The Story of Oliver’s Ferry

 

There is a legend told at Rideau Ferry, Ontario of murder most foul, where travelers disappear,  and of human bones found. In the early 1800s, a Mr. Oliver set up a ferry business at today’s Rideau Ferry. His ferry, a rough hewn raft, linked roads leading from Brockville and Perth. Mr. Oliver had one unusual quirk. He would refuse to take travelers across to the far side after dark, preferring to put them up in his house overnight and send them on their way at first light in the morning.

 

His neighbours seldom saw the travelers in the morning. When asked about them, Mr. Oliver would simply say “They went on their way at first light and you must have been asleep”. One strange thing kept happening though. Many of the travelers who had stayed overnight at Oliver’s house did not arrive at their destination; the neighbours thought victims perhaps, of murderous highway robbers.

 

Years later, long after Mr. Oliver has passed away, a bridge was to be constructed to replace the ferry service. When the outbuildings on the Oliver property were dismantled to make way for the bridge, human bones were found under the floors and in the walls.
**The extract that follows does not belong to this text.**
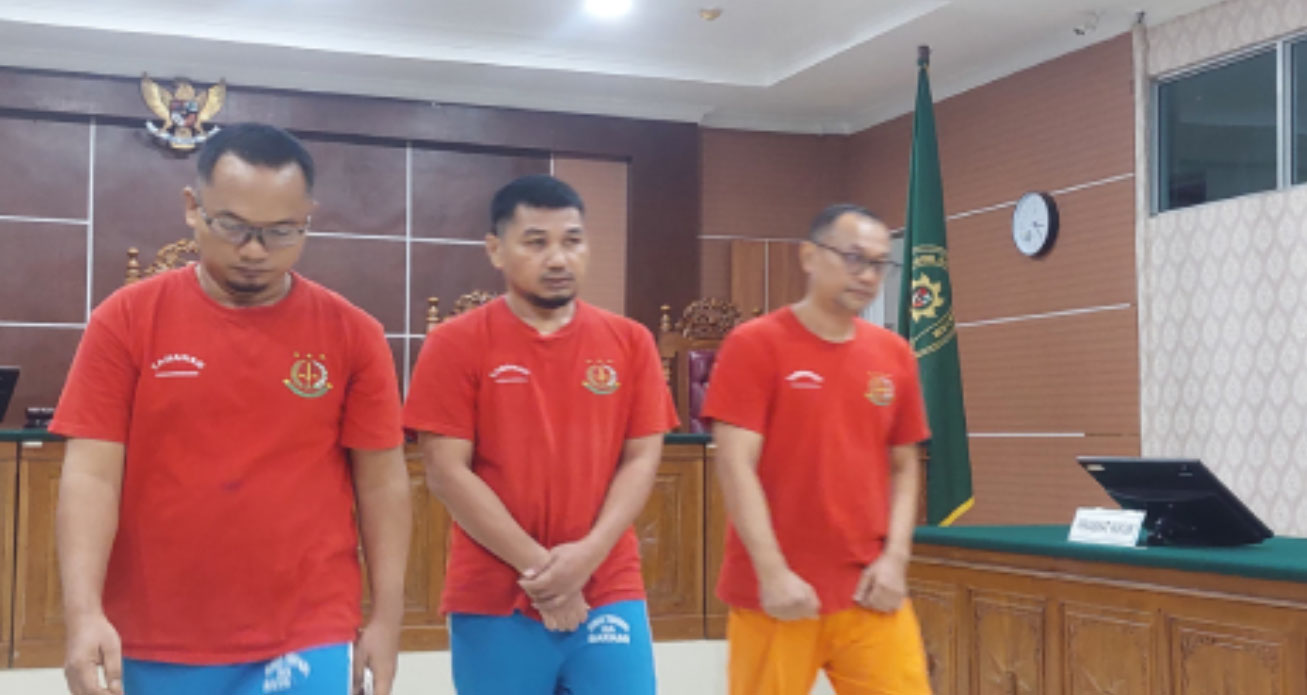 Tiga Terdakwa Penyelundupan iPhone Batam-Jakarta Dijatuhi Hukuman 2,3 Tahun Penjara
The travelers had never left the building.

 

                                           Sam Jake’s Inn

The 33-room Sam Jakes Inn in Merrickville, On. has a history of non-threatening ghost encounters mostly involving unexplained noises and objects being inexplicably moved. Only a few have been visual sightings and here is one of them.

 

Some say the ghost is the first wife of Sam Jakes who died in her early twenties but was unable to rest in peace because soon after her death because her husband rushed to the altar with another woman. One staff member, however, believes the ghost is Sam Jakes himself and recalls seeing him late one night walking along one of the hotel’s corridors wearing a stove-pipe hat and an outfit consistent with the period in which he lived.

 

They were unable to determine whether the ghost that paid a visit in Room 305 one night was male or female. What I did hear was that the apparition was truly real but it did not reappear during a friends recent stay.

 

Their travel companion however,  who was lodged in a room across the hall said her sleep had been disturbed by the noises coming from the floor above. “Sounded like they were moving furniture or something,” she said. One was gently reminded that their rooms were on the top floor and there was nothing above them but roof. 

 

 

 

Davidson’s Ghost

 

 

 

WARNING: Not for the faint of heart!

 

There is a tale told at Chaffeys Locks of a ghostly apparition on Opinicon Lake, a solitary paddler in a dugout canoe, the ghost of Old Davy Davidson.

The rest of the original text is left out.